В детстве она жила, как дикий цветок под дождем и солнцем, между матерью, готовой горло перегрызть всякому, кто обидит девочку, и взбалмошным отцом. Когда подросла, отбоя не было от друзей, — такой она была веселой, смелой, яркой девушкой, затем пришла слава, когда ее фамилию знал любой пионер… В войну ее окружали однополчане, свои ребята, своя братва, и после войны она еще долго была знаменита, имела влияние, вес и когда появлялась где-нибудь, то улавливала шелест: «Та самая?» — и горделивый ответ: «Ну конечно, это она». Знакомством с ней хвалились, именем ее пользовались, нуждались в ее помощи. Она привыкла, что всегда и всюду ее окружают люди, привыкла жаловаться на занятость, мол, «не продохнуть», — ее куда-то звали, умоляли приехать, где-то она заседала и присутствовала, знакомые вваливались к ней толпой, ели у нее, пили, ночевали. Она только просила с улыбкой, шепотом: «Вы уж, пожалуйста, угодите маме. Мама у нас любит почести».

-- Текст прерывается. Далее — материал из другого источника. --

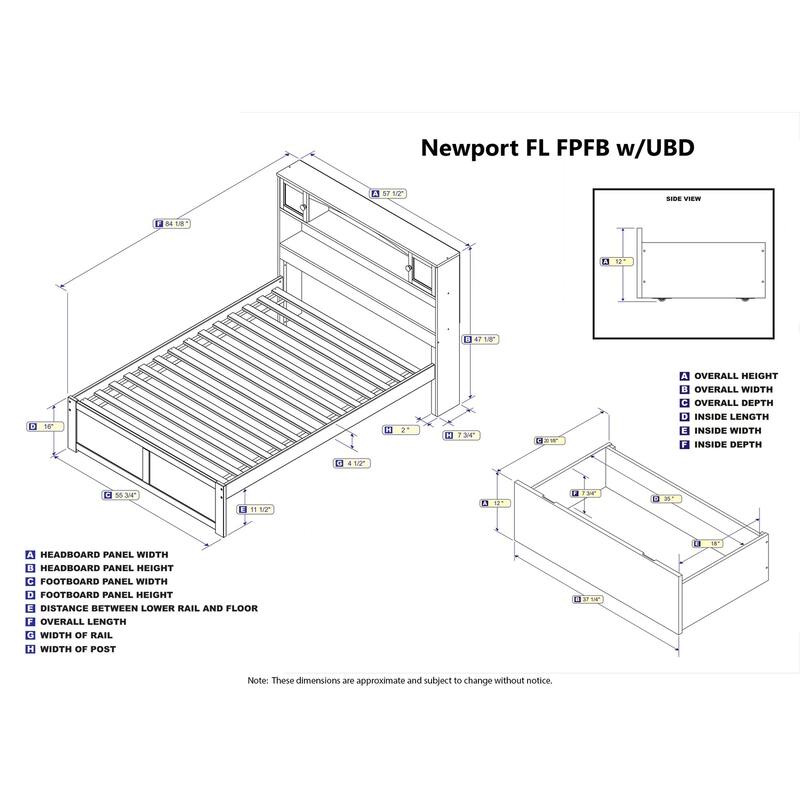Antique Platform Bed with Drawers - White Bed Frame, Storage Bed, Modern Bed, Space Saving Design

Гости старались подольститься к матери, хотя Марина Сергеевна и сама немножко любила лесть: просто привыкла к тому, что перед ней восторженно заискивают. Ей нравилось быть доброй, кому-то звонить, чем-то возмущаться, за кого-то просить. Приятно делать добро, ведь не для себя просила.

Ну а годы шли, и, как-то оглянувшись, она увидела, что шуму вокруг нее стало вроде поменьше. И народ вертится около какой-то пустой: чьи-то брошенные жены, генеральские вдовы, какие-то неудачливые, полные фанаберии очеркисты, немолодой певец, все еще ждущий удачи.